DATA SUPPLIED
══════════

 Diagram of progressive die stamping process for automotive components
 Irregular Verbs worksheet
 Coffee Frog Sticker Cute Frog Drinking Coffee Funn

══════════

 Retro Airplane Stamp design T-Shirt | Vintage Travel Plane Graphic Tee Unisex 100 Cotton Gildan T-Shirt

══════════

BRIEF
Here the output must be the lines above from the line with "Irregular Verbs worksheet" to the line with "Coffee Frog Sticker", both included, duplicated word for word and nothing else.

WRITTEN SOLUTION
 Irregular Verbs worksheet
 Coffee Frog Sticker Cute Frog Drinking Coffee Funn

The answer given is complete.